- [Supplied data]:
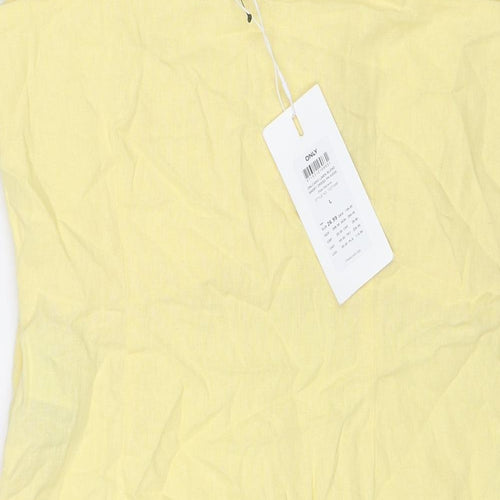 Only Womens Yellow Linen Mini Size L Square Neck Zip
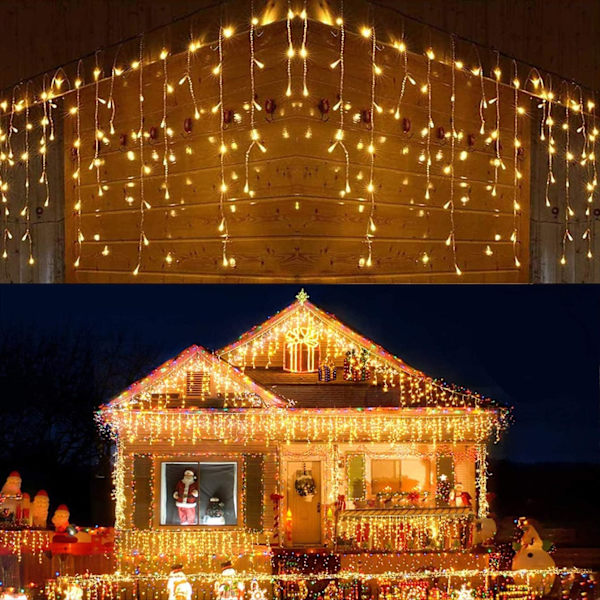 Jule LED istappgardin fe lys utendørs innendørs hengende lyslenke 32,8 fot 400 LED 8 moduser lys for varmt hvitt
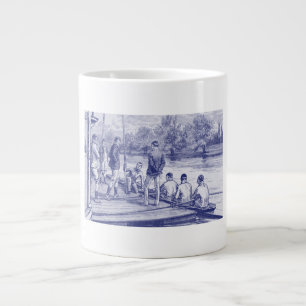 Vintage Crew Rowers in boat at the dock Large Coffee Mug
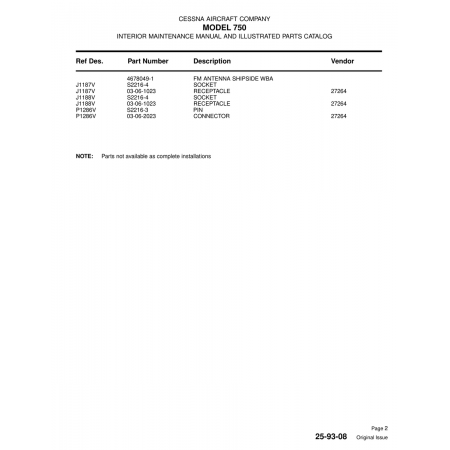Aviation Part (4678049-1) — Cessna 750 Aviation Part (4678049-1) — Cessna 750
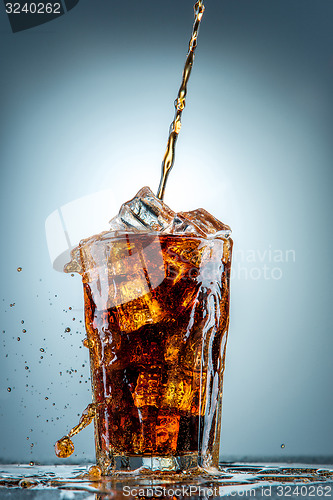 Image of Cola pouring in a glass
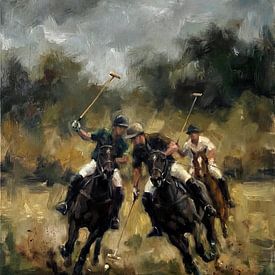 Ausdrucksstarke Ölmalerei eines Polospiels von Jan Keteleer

...

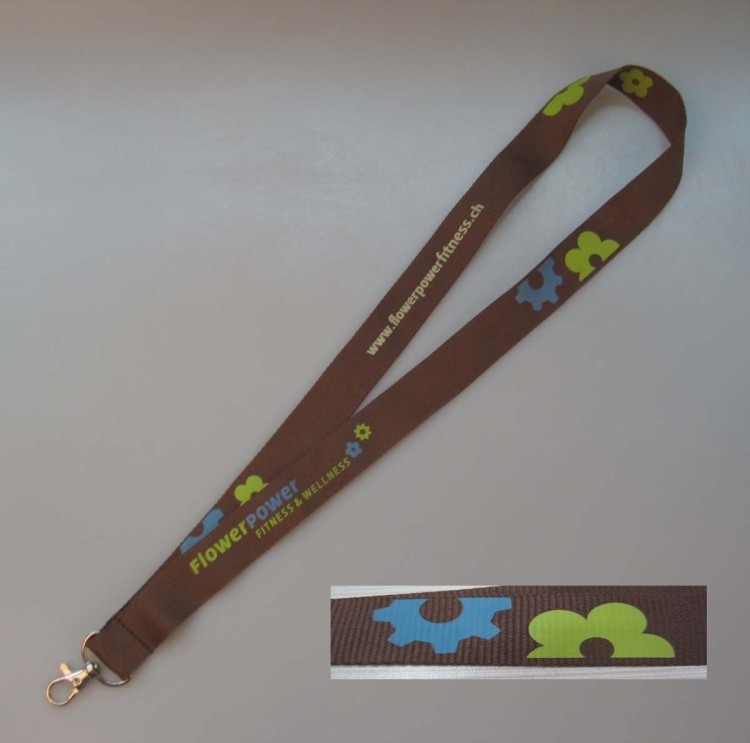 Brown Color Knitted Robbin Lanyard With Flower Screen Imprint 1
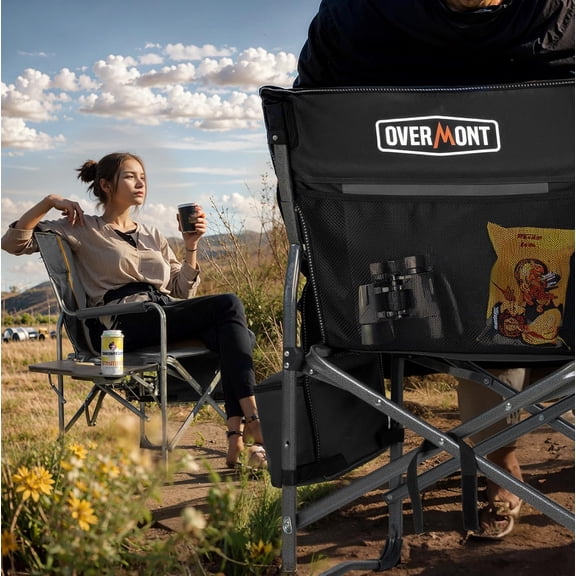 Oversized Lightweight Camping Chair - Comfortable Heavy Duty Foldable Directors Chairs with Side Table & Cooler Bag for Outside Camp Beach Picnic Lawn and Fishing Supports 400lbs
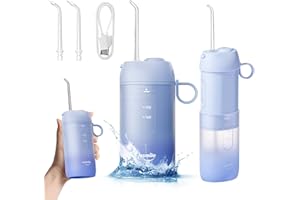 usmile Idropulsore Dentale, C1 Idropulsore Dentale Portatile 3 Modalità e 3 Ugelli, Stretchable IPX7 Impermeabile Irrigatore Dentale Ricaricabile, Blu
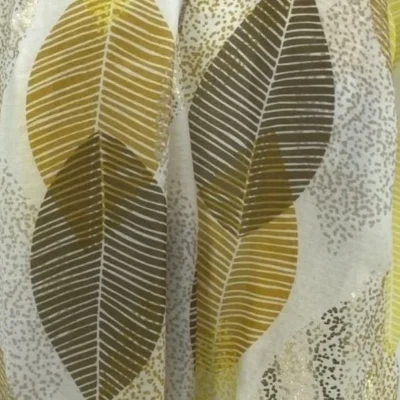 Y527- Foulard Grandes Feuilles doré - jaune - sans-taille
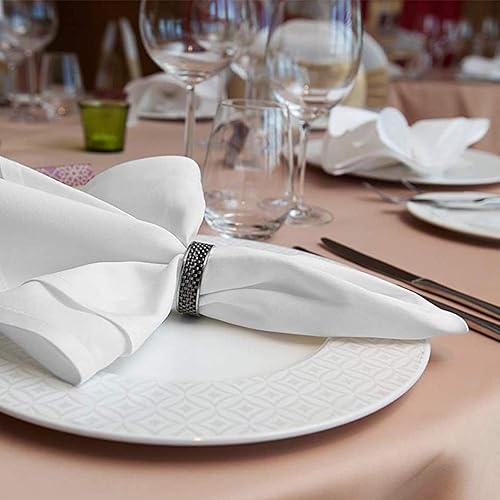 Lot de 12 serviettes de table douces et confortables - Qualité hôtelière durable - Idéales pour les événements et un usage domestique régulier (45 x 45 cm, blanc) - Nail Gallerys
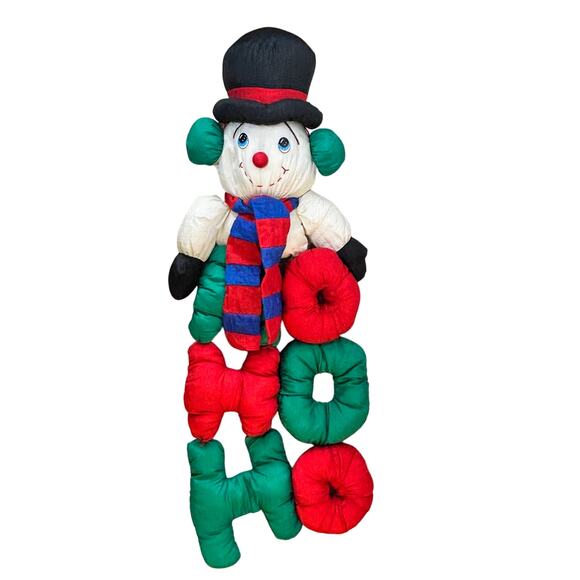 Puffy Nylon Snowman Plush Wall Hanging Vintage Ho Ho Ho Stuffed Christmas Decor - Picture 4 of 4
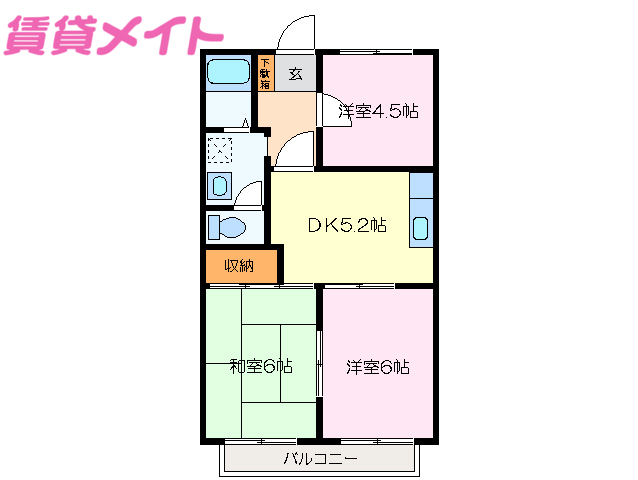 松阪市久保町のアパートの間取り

...

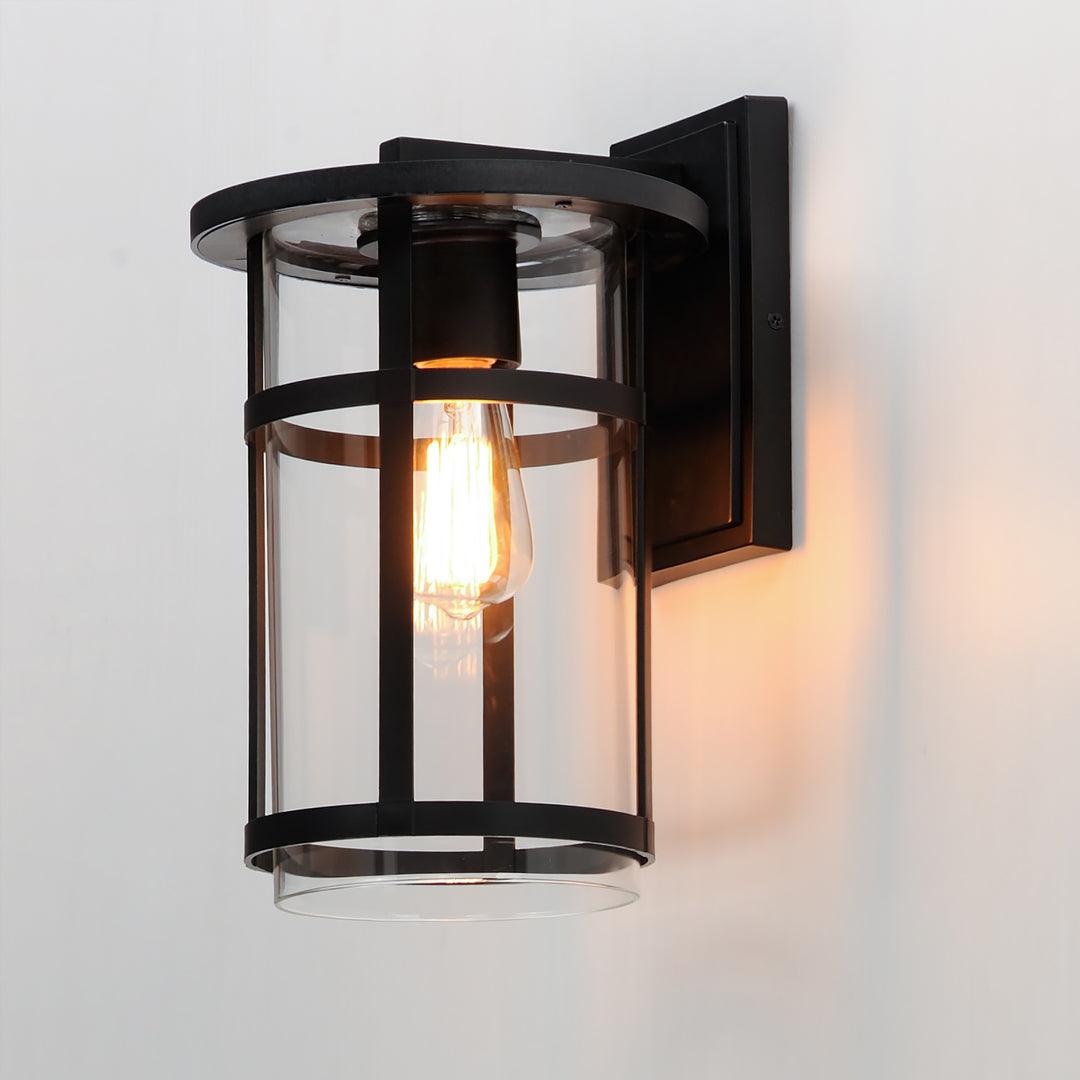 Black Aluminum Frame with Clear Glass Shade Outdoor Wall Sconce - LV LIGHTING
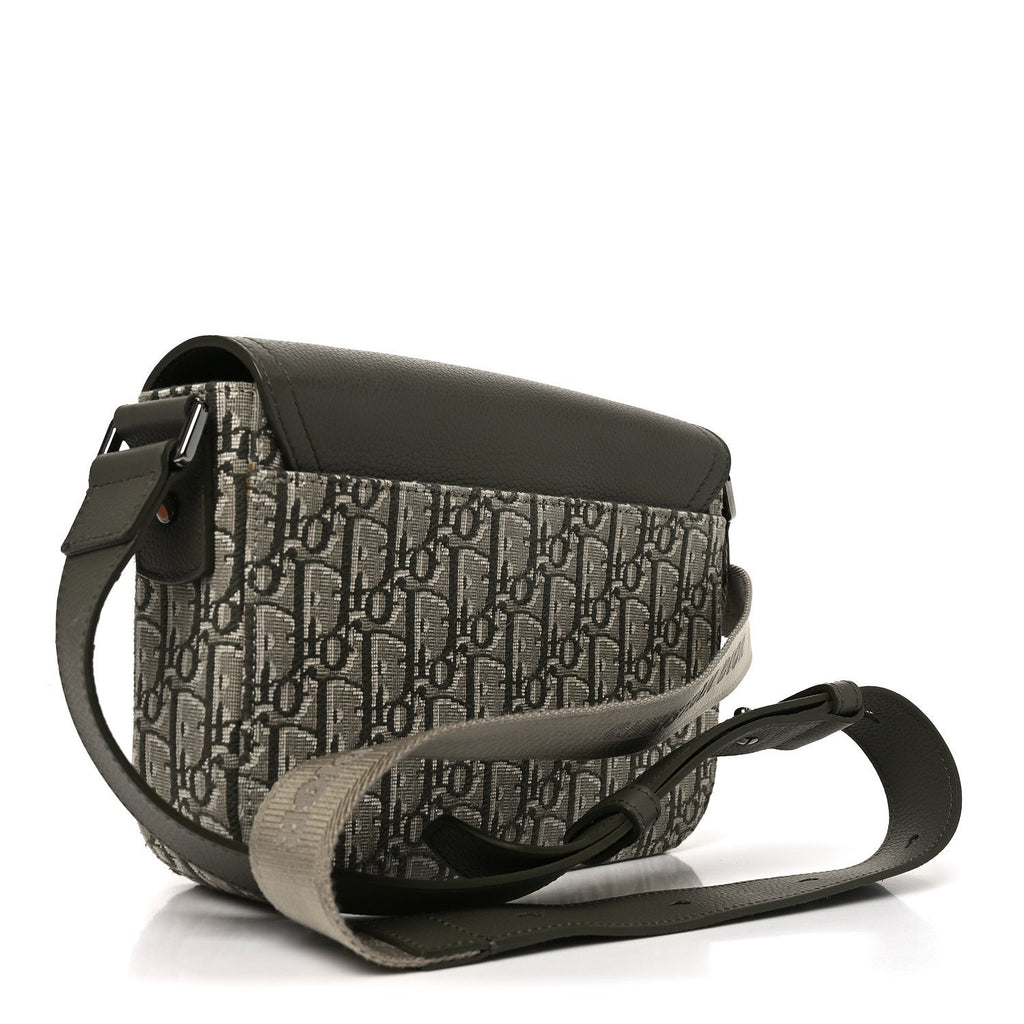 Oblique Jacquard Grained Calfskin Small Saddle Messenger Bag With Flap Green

- [Task instructions]: Copy only what runs above from the line containing "Aviation Part (4678049-1) — Cessna 750 Aviation" through the line containing "Ausdrucksstarke Ölmalerei eines", exactly. Leave out the pictures.

- [Answer box]:
Aviation Part (4678049-1) — Cessna 750 Aviation Part (4678049-1) — Cessna 750
 Image of Cola pouring in a glass
 Ausdrucksstarke Ölmalerei eines Polospiels von Jan Keteleer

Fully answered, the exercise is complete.